Ayam jantan sudah berkokok dengan nyaring menandakan hari sudah pagi. Seperti ibu rumah tangga biasa itulah kegiatan yang selalu dilakukan oleh Lira setiap hari, tapi tidak setelah Lira selesai melakukan operasi pertamanya.
"Kakak ... antar Bunda ke kamar mandi, Nak." Anak kedua Lira menoleh, dan mendekati bundanya.
"Iya Bunda ...," sahut anak perempuannya, lalu dia pun membantu bundanya dengan cara menggandenganya ke kamar mandi.
"Terima kasih sayang ... cukup sampai di sini saja ya, kalau untuk berjalan kembali ke kamar Bunda bisa sendiri, jangan lupa buatkan ayahmu kopi" ucap Lira kepada putrinya.
"Baik Bunda," sahut sang putri yang langsung membuatkan ayahnya kopi sachet siap seduh, sedangkan dua puluh menit kemudian Lira sudah selesai mandi, dan dia berjalan sendiri ke dalam kamarnya.
Lira hanya bisa melakukan aktifitas biasa saja, tapi jika mengangkat barang-barang yang berat maka perut Lira akan kembali sakit. Rasa sakit karena mengangkat berat sama dengan rasa sakit ketika obat biusnya habis setelah dia selesai dioperasi.
"Kakak buatkan bundamu susu ... Ayah mau pergi kerja dulu." Bagas yang masih kesal dengan sang istri pergi kerja tidak berpamitan kepadanya, tetapi dia masih tetap memikirkan istrinya dengan menyuruh sang putri membuatkannya susu.
"Iya Ayah," sahut sang putri lagi yang bernama Laura, dia dengan patuh segera membuatkan sang bunda susu agar bundanya bisa cepat sehat lagi.

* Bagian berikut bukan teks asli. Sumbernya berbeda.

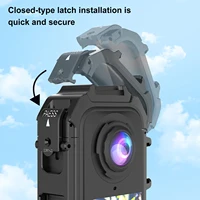Magnetic Rabbit Cage Quick Release Protective Case with 1/4 Threads Cold Shoe Mount Housing Case for Insta360 X4 Air Accessories - Image 4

Laura sosok anak yang penurut, dan suka membantu orang tuanya, tapi kalau sedang marah Laura sama sekali tidak memandang siapa lawan yang dia marahi itu karena Laura anak yang penurut maka satu kali saja sang bunda menasehatinya, Laura akan cepat sadar, dan segera minta maaf.
Jam 7.30 keponakan Lira datang bersama kedua orang tuanya. "Bagaimana keadaan Kakak sekarang? Ingat Kak Lira jangan terlalu banyak pikiran, kalau Dokter bilang Kakak harus dioperasi maka setuju saja untuk operasi," ungkap Mira adik bungsunya Lira.